Problemas gerados pela ausência de tratamento de esgoto

Técnica do Centro de Estudos Costeiros, Limnológicos e Marinhos (Ceclimar) da UFRGS, em Imbé, Cacinele Mariana da Rocha afirma que a ausência de tratamento de esgoto nessa região do Estado é ainda mais prejudicial ao meio ambiente do que em outras localidades.

— Para o ambiente é muito ruim de forma geral, porque como se trata de um substrato arenoso, provavelmente essa contaminação não vai ficar restrita ao local — explica a química e doutora em Oceanografia, ao se referir às casas que possuem fossas sépticas.

Ela lembra que o problema se torna ainda maior durante o verão, já que o número de pessoas aumenta significativamente.

— Se tem problemas com as fossas, porque são muitas pessoas usando as casas e elas não dão conta do volume de resíduo que é gerado.

A pesquisadora conta que há estudos que constataram a movimentação das águas subterrâneas e que esse resíduo que ingressa no solo por infiltração acaba sendo descarregado no mar ou nas lagoas.

A especialista ainda afirma que muitas casas possuem poços artesianos para captação de água e, com a utilização do sistema fossa e filtro, em que o esgoto é lançado ao solo por infiltração, o que sai na torneira, muitas vezes, tem cor e cheiro de efluente, já que ambos os sistemas ficam próximos. Ela também reforça que as ligações clandestinas não são poucas, levando o esgoto cloacal diretamente para a rede pluvial.

Ações do MP

De acordo com o promotor Daniel Martini, coordenador do Centro Operacional de Defesa do Meio Ambiente do Ministério Público, afirma que a solução ideal, mas que nem sempre é viável em razão do custo, é a construção de redes e estações de tratamento. Segundo Martini, onde não há rede e estação, a lei determina que é da responsabilidade do morador a construção de uma alternativa, como a fossa, filtro e sumidouro.

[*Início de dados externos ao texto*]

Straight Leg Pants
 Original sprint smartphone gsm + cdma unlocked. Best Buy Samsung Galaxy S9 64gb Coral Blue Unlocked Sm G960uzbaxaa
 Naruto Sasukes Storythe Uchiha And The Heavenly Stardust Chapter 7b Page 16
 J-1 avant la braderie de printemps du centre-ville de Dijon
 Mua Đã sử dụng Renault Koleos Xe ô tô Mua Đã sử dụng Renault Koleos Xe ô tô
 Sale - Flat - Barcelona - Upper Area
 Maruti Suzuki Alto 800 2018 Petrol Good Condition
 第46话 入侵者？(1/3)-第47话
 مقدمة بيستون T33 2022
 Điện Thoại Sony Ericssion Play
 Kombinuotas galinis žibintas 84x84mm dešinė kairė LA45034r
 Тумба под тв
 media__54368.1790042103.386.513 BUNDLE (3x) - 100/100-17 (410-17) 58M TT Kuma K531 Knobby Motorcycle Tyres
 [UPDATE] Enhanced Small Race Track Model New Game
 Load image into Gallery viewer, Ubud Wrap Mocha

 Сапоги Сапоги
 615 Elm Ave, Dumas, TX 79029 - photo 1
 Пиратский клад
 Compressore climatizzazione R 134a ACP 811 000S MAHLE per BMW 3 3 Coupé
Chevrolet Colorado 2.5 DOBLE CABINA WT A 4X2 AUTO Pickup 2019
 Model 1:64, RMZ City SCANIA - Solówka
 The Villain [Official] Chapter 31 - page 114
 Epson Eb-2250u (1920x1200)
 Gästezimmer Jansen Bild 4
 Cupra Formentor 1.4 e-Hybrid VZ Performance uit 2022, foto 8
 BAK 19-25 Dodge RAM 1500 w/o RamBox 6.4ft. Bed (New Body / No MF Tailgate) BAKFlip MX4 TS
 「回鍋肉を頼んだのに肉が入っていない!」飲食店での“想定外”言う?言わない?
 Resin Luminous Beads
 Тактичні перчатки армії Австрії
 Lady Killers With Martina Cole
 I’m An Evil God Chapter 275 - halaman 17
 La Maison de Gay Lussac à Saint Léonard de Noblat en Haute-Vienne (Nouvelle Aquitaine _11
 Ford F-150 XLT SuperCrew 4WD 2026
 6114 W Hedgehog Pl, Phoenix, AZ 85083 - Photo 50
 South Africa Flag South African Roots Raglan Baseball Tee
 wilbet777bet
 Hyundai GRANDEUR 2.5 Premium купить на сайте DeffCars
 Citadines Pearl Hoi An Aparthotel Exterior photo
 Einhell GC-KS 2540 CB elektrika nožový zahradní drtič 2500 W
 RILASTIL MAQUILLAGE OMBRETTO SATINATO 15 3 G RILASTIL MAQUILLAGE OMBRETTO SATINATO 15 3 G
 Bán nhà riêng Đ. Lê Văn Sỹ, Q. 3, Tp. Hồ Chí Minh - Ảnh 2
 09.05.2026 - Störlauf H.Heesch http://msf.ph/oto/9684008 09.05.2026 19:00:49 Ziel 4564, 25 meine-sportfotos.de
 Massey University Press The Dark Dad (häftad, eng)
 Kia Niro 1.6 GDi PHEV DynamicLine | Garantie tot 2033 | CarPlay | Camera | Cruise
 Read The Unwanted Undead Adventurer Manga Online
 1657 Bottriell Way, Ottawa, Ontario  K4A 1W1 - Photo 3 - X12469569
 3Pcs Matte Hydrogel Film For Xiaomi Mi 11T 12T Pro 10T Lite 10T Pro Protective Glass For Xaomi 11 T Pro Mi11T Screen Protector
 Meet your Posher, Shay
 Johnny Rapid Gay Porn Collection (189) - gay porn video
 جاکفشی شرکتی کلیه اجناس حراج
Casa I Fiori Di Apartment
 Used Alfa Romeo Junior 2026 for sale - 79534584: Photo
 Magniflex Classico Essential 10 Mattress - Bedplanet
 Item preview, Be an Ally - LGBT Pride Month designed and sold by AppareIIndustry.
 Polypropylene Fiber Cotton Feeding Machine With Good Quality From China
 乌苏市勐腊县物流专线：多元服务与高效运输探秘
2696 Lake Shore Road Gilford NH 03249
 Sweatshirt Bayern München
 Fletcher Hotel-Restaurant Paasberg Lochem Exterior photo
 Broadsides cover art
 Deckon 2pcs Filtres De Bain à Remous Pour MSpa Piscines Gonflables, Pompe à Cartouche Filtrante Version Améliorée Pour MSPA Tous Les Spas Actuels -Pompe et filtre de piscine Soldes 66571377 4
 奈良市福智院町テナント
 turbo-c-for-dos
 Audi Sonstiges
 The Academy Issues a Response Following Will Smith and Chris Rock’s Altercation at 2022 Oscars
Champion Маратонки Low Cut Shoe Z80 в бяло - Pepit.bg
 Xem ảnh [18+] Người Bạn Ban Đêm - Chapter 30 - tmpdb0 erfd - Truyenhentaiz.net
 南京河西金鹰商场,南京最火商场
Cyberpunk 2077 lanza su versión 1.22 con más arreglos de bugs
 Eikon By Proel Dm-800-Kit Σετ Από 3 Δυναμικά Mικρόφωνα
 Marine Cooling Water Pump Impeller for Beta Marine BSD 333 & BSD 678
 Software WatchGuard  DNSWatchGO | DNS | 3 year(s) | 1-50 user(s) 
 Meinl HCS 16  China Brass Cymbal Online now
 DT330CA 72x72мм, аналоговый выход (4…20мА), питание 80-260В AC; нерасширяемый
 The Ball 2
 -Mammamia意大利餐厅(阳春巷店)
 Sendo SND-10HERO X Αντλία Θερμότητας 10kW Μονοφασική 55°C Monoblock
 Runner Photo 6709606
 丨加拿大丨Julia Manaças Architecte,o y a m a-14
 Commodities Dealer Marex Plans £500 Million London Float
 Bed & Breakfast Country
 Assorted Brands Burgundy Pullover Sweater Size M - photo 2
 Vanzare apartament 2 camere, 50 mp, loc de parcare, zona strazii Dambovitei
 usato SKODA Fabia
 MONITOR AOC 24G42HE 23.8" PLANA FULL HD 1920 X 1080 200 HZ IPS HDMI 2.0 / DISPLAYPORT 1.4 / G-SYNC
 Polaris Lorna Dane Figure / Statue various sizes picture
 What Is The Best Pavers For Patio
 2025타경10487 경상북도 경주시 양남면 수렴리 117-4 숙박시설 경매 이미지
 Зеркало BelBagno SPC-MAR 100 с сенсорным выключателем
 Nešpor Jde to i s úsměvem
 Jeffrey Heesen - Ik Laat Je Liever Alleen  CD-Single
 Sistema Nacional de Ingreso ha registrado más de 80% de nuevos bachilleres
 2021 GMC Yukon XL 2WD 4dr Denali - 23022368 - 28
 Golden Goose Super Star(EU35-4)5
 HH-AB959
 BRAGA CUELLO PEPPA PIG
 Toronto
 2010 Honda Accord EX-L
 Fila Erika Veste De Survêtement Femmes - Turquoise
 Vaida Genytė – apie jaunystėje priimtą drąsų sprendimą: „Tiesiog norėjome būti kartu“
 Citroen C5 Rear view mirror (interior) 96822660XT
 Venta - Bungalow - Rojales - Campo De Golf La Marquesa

— Aquela limpeza da fossa, o recolhimento e o transporte até uma estação de tratamento de esgoto pode e deve ser feito pelos municípios, inclusive fazendo a devida cobrança dos usuários — alerta Martini.

O promotor lembra que essa ação minimiza danos ao meio ambiente, evitando que o esgoto seja lançado a céu aberto. O promotor admite que esse tipo de sistema não é ideal para o tipo de solo do Litoral, que é arenoso e com lençol freático superficial. Por isso, um projeto-piloto está em andamento na praia de Atlântida Sul, segundo ele.

O que dizem Corsan e Fepam

O diretor de expansão da Corsan, Marcus Vinicius Caberlon, afirma que diversas obras estão sendo feitas no Litoral Norte para ampliar o tratamento de esgoto na região.

— Nas principais praias os investimentos são bastante significativos — diz o diretor ao afirmar que estações estão sendo construídas em Tramandaí e Imbé.

Caberlon também relata que estão sendo concluídas outras estruturas em Capão da Canoa e Santo Antônio da Patrulha. Além disso, afirma que outra estação foi terminada há pouco em Torres e que as redes coletoras estão sendo ampliadas na cidade. Situação semelhante ocorre em Xangri-lá, onde a estação será ampliada. Conforme o diretor, o plano de investimentos da Corsan em água e esgoto para o Litoral Norte chega a R$ 450 milhões. O diretor admite que existem ligações clandestinas, que levam o esgoto cloacal para a rede pluvial, e que isso precisa ser coibido.

Em nota, a Fepam demonstrou preocupação com o sistema de fossas no Litoral Norte e disse que trabalha em parceria com as prefeituras, Corsan e Ministério Público para buscar soluções para o problema.